After a botched job where we failed to weld pipe brackets onto a steel girder, I decide I need to get the hang of welding. Most of our time between jobs is taking turns at the workshop stick welder. L is the most experienced, J is very proud of his straight lines, and I’m happy to have overcome my fear of burns and electrocution — progress! The time spent concentrating intensely on a small dot of molten metal make me feel a bit light-headed.

When we’re not practising welding, me and J are trying to use the new job-logging software. Unlike the old software, getting hold of jobs directly relevant to the Fitters takes a bit of sorting and filtering. Some of the Fitters who struggle with computers find the whole process demeaning.

D: “M, that wanker, gave us the training, but he kept flipping backward and forward between screens so we couldn’t follow him.”

A: “He’ll do that. He’ll give you a brief round of training, patronise you, make you feel really stupid and ‘illiterate’, so you won’t understand it. Then it’ll be left to those who do get it to do all the training.”

J: “Or all the logging.”

D: “Well we can’t do that can we? Cause what if there’s no apprentices here, or J’s not here? We need to be able to see what our work is for the day, in order of priority. I can’t believe — I just can’t believe — there isn’t a simpler way of doing this.”

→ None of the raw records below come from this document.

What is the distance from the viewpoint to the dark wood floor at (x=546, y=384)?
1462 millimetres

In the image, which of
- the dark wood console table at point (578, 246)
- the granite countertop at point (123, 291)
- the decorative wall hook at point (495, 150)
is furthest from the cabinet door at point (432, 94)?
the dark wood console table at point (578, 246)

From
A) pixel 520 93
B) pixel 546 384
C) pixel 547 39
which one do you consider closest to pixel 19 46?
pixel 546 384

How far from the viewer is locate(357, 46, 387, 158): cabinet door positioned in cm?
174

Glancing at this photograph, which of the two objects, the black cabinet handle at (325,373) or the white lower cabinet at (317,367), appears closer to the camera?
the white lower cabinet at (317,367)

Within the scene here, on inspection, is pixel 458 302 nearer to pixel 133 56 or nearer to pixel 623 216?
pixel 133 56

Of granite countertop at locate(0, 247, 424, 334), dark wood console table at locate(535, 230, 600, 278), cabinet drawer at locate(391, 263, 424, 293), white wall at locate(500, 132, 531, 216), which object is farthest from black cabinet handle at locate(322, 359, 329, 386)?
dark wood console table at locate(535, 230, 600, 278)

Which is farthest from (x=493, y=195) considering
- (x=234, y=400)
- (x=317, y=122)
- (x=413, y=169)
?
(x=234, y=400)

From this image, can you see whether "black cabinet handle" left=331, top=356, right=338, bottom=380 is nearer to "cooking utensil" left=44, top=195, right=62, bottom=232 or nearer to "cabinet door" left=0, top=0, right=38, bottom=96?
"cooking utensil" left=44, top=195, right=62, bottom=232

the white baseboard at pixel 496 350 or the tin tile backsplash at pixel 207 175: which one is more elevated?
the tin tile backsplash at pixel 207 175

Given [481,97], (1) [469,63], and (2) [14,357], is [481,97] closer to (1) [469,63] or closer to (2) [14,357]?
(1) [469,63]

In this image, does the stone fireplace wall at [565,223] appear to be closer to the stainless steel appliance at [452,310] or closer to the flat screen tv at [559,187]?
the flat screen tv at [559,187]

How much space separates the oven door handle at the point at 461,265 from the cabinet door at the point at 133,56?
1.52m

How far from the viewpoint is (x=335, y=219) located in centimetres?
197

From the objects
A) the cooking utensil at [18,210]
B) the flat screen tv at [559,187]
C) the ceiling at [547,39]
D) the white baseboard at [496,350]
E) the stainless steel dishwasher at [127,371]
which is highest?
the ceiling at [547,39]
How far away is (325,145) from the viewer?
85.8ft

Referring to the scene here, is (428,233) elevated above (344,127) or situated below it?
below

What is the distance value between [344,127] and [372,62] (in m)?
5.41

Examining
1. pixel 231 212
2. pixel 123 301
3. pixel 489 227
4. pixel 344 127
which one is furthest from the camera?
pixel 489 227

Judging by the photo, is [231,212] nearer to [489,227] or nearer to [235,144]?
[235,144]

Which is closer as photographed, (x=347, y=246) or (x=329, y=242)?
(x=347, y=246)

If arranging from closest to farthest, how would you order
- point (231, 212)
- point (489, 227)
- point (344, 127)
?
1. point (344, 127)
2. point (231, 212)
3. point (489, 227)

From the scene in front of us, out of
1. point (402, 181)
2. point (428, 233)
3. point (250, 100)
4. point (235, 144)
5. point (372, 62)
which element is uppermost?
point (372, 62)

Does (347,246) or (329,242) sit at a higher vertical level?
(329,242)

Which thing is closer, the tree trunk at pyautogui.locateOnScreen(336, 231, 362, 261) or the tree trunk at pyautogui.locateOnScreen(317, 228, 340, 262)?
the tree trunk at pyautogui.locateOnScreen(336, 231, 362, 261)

I speak to M, our manager and trainer. He’s two years younger than me. Sometimes he’s a genius and sometimes he behaves like a teenage boy. I got him on a good day.

Me: “Is there a way of saving the filter settings, so that the Fitters can just log on and see their jobs without having to go through all these steps?”

M: “Nope. I’ve been on at IT about this and they say first: look at the training manual (which I’d already done and it’s not there); second, we can’t save filters — the jobs are all just there, in no particular order. Fitters will have to just filter them out.”

Me: “I mean the start and end date tabs are off to the right of the screen — having to drag them into view each time is very annoying… I found a way of exporting a set of jobs into a spread sheet, but that would involve someone doing that every morning….?”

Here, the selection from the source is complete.